Collected data entries

━━━━━━━━━━

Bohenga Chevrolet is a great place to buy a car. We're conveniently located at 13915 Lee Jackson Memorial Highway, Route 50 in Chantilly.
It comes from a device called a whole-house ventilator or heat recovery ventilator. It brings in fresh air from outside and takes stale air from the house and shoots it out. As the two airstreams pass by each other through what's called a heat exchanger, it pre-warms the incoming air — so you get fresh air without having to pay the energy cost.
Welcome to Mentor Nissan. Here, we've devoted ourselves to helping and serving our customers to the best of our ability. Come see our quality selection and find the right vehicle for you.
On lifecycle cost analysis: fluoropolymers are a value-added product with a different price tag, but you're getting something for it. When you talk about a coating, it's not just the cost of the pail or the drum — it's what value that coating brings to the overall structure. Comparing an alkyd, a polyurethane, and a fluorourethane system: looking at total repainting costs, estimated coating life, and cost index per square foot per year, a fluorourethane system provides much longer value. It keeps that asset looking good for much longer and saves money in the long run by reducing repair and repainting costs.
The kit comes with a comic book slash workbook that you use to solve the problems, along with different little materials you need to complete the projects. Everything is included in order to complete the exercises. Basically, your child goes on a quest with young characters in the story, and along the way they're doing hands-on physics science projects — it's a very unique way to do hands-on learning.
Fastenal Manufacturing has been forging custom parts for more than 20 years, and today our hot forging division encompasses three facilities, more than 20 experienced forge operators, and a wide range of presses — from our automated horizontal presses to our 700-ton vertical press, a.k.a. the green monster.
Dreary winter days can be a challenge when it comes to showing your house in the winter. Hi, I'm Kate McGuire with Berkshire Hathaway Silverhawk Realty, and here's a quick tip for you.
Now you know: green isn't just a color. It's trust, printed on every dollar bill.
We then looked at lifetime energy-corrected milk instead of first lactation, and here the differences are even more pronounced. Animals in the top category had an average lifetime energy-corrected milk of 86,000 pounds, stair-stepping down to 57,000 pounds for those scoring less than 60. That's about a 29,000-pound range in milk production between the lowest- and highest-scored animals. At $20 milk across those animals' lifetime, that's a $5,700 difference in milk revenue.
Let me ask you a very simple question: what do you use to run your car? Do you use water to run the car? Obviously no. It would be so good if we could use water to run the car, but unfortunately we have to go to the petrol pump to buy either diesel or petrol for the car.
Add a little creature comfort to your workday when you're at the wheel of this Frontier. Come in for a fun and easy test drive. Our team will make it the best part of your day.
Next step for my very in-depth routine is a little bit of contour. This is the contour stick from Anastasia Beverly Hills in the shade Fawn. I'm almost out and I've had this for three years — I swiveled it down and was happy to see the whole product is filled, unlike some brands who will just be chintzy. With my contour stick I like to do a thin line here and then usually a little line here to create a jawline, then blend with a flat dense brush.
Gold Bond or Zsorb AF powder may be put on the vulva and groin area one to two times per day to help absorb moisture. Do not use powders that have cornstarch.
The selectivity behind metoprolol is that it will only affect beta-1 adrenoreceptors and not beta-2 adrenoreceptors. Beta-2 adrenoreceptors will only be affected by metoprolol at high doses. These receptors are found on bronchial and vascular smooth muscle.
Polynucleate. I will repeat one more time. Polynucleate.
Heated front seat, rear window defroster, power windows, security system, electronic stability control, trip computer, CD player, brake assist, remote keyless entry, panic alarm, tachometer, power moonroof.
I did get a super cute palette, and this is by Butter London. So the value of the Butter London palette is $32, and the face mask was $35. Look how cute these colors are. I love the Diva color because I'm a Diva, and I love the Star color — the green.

━━━━━━━━━━

_Directions for this task_
In the entries above, find the line with "The selectivity behind", then retype it and every line after it exactly.

_Answer to this problem_
The selectivity behind metoprolol is that it will only affect beta-1 adrenoreceptors and not beta-2 adrenoreceptors. Beta-2 adrenoreceptors will only be affected by metoprolol at high doses. These receptors are found on bronchial and vascular smooth muscle.
Polynucleate. I will repeat one more time. Polynucleate.
Heated front seat, rear window defroster, power windows, security system, electronic stability control, trip computer, CD player, brake assist, remote keyless entry, panic alarm, tachometer, power moonroof.
I did get a super cute palette, and this is by Butter London. So the value of the Butter London palette is $32, and the face mask was $35. Look how cute these colors are. I love the Diva color because I'm a Diva, and I love the Star color — the green.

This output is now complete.